The annual Bank Of England charity auction held at Spink and Son Ltd in London auctioned off a polymer £5 note with the serial number AA01 000017 for £4,150, however the following year, a Jane Austen Polymer £10 note with the serial number AA01 000010 sold for a staggering £7,200 – over double the guide price!
Whilst these first run banknotes may be desirable to some collectors, we must remember that 1 million AA01 banknotes were actually printed for each denomination.
They aren’t likely to fetch much more than face value, and our latest eBay Tracker suggests that prices for AA01 banknotes are actually going down, with the previous figure for AA01 £5 notes dropping by £4.50 to £10.
The story is much the same with AA01 £10 notes, which were initially selling on eBay for between £40 and £70, but have now dropped considerably – from £18 last June to £15 in January 2019 (as taken from our eBay Tracker).
Considered collectable due to the machine gun connotations, polymer notes with the prefix AK47 were thought to be worth tens of thousands of pounds following the new £5 release in 2016.
This idea emerged after a £5 banknote with the prefix AK47 fetched a winning bid of £80,100 on eBay. Whilst the seller must have been overjoyed with the jackpot amount, it actually turned out the buyer had no intention of paying up.
As exciting as a novelty serial number may be, there’s no way we could imagine paying anywhere near £80,000 for it! Could you?

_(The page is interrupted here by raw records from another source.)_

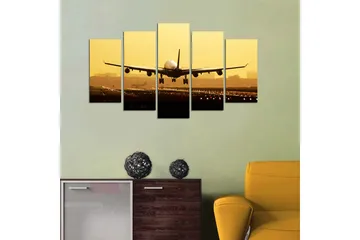 Canvasbilde City 5-pk flerfarget - 22x06 cm - Interiør - Maleri & posters - Lerretsbilder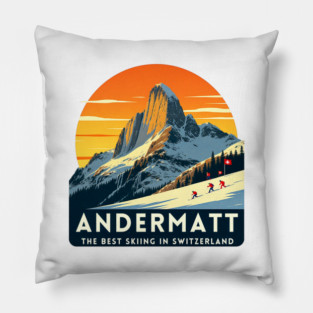 Andermatt Skiing in Switzerland Vacation Trip Pillow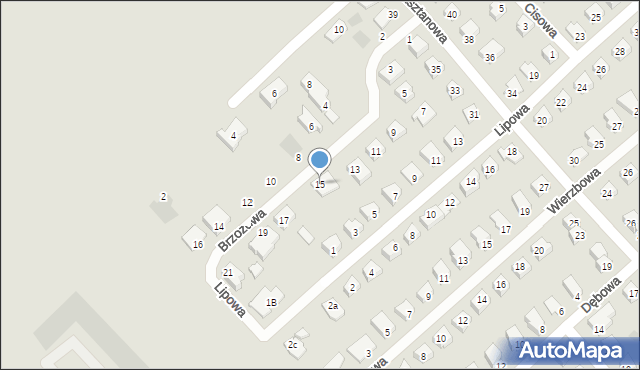 Międzyrzec Podlaski, Brzozowa, 15, mapa Międzyrzec Podlaski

A quick look at the most recent eBay sold prices for this serial number now show that people are willing to spend around £7.50 to get their hands on this note now, which we think is far more reasonable!
Whilst the same excitement picked up again following the polymer £10 launch in 2017, with some collectors paying between £20 and £40 for an AK47 £10 note, prices have again come down to a much more reasonable level, with AK47 £10 banknotes selling for around £15 on eBay now.
James Bond theme
Another novelty serial number collectors were searching for was the 007 James Bond theme.

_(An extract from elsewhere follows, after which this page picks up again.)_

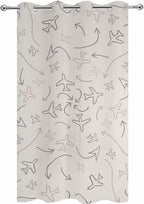 Abstract Airline Route Waterproof Outdoor Curtains for Patio, Windproof Weatherproof Curtains with Weighted Hem, Vintage Aircraft Arrows Light Filtering Privacy Drapes for Porch 54"x 108"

This banknote, described as an “AK37 007 James Bond Bank of England Polymer £5 note” in a lovely condition, sold for £5,000 back in 2016.
Although there must be plenty of James Bond fanatics out there, we can think of so many other items of James Bond memorabilia that fans could spend £5,000 on!

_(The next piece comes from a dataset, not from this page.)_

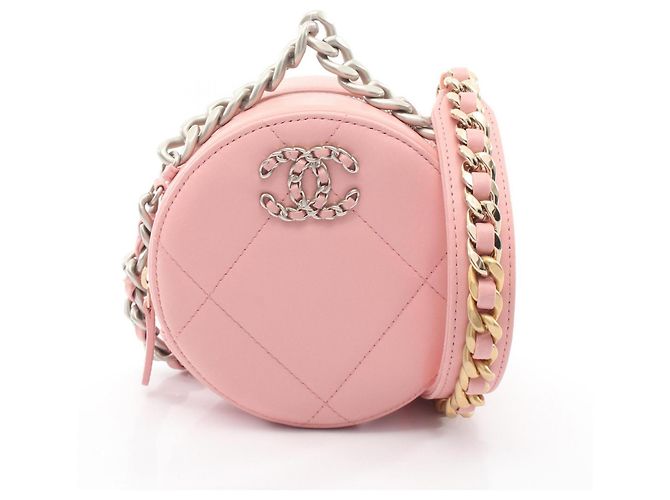 Borsa a tracolla 2-way Chanel 19 Matelassé Round Mini Rosa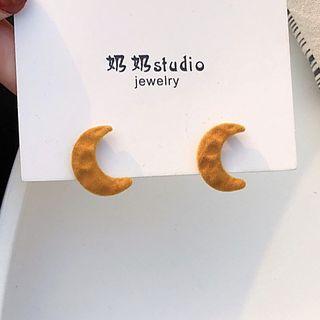 Felt Moon Earring 1 Pair - Silver Needle - Yellow - One Size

Whilst some chancers are still listing notes with 007 in the serial number for exaggerated prices on eBay, the sold listings reflect the fact that buyers just aren’t interested now that the hype has faded, with very few sold listings of the 007 £5 note and none of the 007 £10 note.
Key Jane Austen dates
In 2017, a polymer £10 note with serial number AH17 75 (the year of Jane Austen’s birth) sold on eBay for a whopping £3,600 – 360 times face value!
Key serial numbers collectors would be interested in include 16 121775 and 18 071817 which would represent the author’s date of birth and death respectively. Serial number 17 751817 would be her birth and death year combined.
Considering all the possible prefix variations that could accompany these serial numbers, there would be just 676 notes issued for each of the key dates mentioned above, from prefix AA through to ZZ.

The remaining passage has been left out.